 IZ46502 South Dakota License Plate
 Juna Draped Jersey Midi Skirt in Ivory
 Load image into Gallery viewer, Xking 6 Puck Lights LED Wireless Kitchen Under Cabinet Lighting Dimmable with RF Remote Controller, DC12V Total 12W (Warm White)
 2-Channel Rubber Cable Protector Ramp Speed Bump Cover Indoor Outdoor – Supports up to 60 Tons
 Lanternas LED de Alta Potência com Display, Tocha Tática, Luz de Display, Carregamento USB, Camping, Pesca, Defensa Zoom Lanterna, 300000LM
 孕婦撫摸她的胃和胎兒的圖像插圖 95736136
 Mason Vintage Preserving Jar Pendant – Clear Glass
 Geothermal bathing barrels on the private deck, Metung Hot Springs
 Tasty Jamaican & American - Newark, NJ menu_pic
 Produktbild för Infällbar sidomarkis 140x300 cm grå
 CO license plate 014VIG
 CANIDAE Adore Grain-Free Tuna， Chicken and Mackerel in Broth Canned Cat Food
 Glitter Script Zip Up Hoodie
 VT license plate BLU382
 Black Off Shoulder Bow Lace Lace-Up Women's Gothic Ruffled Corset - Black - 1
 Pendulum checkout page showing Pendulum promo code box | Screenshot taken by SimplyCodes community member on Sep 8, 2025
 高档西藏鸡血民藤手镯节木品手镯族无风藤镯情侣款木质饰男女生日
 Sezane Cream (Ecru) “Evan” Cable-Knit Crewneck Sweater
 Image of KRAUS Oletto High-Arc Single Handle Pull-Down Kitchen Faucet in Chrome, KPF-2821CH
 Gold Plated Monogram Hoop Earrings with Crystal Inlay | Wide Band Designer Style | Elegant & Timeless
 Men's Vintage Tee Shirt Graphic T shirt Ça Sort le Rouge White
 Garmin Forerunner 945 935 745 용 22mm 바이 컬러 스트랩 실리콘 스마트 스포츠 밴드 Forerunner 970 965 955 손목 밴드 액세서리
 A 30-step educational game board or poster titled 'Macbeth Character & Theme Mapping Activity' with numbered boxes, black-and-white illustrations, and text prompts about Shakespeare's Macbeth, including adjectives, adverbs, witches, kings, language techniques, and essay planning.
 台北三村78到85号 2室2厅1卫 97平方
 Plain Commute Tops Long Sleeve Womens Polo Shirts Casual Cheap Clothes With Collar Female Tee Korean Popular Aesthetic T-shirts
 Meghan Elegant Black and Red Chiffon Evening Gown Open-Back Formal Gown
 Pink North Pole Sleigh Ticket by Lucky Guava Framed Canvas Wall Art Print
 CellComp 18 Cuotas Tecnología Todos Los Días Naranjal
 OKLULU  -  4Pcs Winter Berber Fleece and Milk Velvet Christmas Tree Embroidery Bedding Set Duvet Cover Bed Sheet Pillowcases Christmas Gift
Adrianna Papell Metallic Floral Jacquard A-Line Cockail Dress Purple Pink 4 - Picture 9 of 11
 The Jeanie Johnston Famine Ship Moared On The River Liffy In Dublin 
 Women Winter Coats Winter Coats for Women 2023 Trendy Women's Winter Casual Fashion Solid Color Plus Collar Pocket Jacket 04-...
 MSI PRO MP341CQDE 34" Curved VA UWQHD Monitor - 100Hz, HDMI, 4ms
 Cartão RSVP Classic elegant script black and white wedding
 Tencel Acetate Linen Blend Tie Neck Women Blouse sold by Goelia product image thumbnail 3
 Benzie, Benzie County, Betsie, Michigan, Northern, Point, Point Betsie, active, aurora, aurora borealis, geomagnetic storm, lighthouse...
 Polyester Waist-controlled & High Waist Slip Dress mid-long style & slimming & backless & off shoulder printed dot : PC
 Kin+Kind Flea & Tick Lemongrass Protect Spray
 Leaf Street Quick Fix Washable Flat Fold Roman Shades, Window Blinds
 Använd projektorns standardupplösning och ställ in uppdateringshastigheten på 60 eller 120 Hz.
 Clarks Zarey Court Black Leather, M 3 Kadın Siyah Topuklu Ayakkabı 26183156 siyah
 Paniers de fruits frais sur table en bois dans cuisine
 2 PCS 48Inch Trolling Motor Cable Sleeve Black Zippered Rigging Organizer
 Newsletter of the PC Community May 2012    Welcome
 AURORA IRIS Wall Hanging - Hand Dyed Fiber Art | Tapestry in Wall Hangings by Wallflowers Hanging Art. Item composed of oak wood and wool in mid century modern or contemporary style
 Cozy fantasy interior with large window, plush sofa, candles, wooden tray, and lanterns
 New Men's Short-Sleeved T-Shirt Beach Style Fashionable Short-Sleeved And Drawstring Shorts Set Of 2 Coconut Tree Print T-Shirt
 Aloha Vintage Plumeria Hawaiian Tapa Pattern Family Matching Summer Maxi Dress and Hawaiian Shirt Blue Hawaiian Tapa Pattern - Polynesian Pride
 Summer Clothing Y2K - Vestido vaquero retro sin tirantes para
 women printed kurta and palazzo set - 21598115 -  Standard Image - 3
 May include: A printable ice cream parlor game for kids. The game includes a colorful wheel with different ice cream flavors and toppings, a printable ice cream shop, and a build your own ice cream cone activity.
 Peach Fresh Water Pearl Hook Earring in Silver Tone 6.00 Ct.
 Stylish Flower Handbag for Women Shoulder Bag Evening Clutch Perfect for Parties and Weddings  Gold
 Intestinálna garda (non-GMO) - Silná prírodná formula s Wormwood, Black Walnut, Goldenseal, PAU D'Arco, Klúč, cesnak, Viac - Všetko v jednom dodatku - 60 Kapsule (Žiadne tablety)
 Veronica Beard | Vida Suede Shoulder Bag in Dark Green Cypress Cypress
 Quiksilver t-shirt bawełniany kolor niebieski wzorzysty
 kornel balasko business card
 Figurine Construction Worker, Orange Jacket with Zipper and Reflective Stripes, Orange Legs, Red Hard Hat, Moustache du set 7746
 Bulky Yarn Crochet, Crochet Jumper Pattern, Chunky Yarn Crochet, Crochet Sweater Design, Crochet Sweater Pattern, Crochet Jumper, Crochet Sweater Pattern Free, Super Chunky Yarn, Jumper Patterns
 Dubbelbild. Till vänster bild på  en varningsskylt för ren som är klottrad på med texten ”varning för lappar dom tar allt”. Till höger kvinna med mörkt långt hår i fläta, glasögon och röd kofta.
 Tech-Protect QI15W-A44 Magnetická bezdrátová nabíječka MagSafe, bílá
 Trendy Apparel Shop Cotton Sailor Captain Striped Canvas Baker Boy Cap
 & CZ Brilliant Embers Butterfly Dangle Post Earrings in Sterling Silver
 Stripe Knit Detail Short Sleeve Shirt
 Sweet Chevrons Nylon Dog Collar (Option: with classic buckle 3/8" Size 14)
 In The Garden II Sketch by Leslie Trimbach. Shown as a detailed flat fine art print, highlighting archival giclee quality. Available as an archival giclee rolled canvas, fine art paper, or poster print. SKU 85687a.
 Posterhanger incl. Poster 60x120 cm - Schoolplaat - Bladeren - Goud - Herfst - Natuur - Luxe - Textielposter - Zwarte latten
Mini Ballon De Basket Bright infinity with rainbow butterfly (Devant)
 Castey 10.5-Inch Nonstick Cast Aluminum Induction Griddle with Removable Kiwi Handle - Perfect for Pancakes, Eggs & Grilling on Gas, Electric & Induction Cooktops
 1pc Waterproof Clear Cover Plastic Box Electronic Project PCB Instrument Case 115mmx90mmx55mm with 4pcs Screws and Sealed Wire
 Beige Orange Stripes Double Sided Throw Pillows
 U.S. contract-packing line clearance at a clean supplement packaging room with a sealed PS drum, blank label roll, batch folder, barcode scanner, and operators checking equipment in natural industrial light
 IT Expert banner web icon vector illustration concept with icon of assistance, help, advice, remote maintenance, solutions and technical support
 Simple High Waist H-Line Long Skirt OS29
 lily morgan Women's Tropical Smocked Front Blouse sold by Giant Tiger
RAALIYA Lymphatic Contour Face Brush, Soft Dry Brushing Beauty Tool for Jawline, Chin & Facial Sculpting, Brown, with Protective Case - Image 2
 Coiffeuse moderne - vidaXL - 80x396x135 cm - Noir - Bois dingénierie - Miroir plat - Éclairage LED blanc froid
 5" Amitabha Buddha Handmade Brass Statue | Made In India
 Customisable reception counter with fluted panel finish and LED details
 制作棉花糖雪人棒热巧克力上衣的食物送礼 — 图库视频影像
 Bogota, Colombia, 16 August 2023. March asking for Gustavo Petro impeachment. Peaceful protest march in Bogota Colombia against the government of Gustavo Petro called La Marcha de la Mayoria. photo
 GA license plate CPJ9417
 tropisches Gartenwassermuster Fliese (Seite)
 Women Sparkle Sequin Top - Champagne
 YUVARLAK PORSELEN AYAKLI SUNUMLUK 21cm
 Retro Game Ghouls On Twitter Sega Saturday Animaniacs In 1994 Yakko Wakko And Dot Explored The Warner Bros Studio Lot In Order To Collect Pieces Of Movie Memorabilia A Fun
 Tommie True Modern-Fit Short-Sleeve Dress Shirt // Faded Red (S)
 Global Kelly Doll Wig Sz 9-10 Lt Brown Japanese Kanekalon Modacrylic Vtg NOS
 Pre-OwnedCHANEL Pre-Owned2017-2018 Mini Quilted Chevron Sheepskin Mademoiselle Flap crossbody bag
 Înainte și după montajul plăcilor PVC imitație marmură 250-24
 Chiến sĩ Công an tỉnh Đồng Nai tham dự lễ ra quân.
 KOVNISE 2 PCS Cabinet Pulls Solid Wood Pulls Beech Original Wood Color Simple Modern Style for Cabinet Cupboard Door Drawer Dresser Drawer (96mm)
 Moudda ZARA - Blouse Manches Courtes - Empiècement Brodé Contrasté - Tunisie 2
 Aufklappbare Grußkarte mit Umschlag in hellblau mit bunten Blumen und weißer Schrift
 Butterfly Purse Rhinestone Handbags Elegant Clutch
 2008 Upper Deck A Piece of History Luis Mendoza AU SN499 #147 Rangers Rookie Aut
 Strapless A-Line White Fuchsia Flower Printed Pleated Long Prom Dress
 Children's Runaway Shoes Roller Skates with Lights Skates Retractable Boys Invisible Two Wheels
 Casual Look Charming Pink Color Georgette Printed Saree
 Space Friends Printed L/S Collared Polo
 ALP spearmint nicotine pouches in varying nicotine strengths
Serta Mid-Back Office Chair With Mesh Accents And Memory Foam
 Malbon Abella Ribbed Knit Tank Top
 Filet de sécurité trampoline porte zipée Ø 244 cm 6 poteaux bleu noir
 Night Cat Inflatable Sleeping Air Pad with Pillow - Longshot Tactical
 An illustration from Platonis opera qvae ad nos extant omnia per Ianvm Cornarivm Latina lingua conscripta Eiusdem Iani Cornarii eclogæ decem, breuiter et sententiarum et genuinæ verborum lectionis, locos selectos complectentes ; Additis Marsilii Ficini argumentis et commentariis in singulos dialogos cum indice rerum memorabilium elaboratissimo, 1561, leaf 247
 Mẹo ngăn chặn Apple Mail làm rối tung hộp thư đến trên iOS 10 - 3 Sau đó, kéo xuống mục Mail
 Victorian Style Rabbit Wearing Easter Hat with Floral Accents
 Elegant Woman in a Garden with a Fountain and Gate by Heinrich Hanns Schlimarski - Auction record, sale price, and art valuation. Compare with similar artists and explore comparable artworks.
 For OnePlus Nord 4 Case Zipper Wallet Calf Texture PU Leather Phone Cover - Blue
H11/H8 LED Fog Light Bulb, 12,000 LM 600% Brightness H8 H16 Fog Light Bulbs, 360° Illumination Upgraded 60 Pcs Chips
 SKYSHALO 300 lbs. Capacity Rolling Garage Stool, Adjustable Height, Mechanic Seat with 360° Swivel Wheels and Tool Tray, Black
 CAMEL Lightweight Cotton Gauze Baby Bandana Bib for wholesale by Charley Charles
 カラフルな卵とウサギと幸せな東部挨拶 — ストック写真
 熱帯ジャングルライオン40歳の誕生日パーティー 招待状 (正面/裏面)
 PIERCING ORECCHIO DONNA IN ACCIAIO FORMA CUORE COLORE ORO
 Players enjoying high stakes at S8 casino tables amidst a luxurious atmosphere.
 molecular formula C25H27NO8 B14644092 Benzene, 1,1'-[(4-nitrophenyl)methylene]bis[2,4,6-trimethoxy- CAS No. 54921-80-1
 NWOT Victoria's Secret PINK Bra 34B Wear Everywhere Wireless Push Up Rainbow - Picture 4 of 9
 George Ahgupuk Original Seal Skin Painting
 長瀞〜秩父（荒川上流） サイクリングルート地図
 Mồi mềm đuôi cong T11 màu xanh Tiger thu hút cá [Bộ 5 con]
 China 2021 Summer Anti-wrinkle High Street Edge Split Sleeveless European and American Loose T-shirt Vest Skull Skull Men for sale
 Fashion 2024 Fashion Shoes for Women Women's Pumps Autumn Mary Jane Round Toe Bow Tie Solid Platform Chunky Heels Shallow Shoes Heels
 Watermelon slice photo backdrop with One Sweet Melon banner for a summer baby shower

____

From the entries above, give again exactly the lines running from the line with "Strapless A-Line White" to the line with "Malbon Abella Ribbed Knit Tank Top"; include both of those lines.

* **Solution to this problem**
 Strapless A-Line White Fuchsia Flower Printed Pleated Long Prom Dress
 Children's Runaway Shoes Roller Skates with Lights Skates Retractable Boys Invisible Two Wheels
 Casual Look Charming Pink Color Georgette Printed Saree
 Space Friends Printed L/S Collared Polo
 ALP spearmint nicotine pouches in varying nicotine strengths
Serta Mid-Back Office Chair With Mesh Accents And Memory Foam
 Malbon Abella Ribbed Knit Tank Top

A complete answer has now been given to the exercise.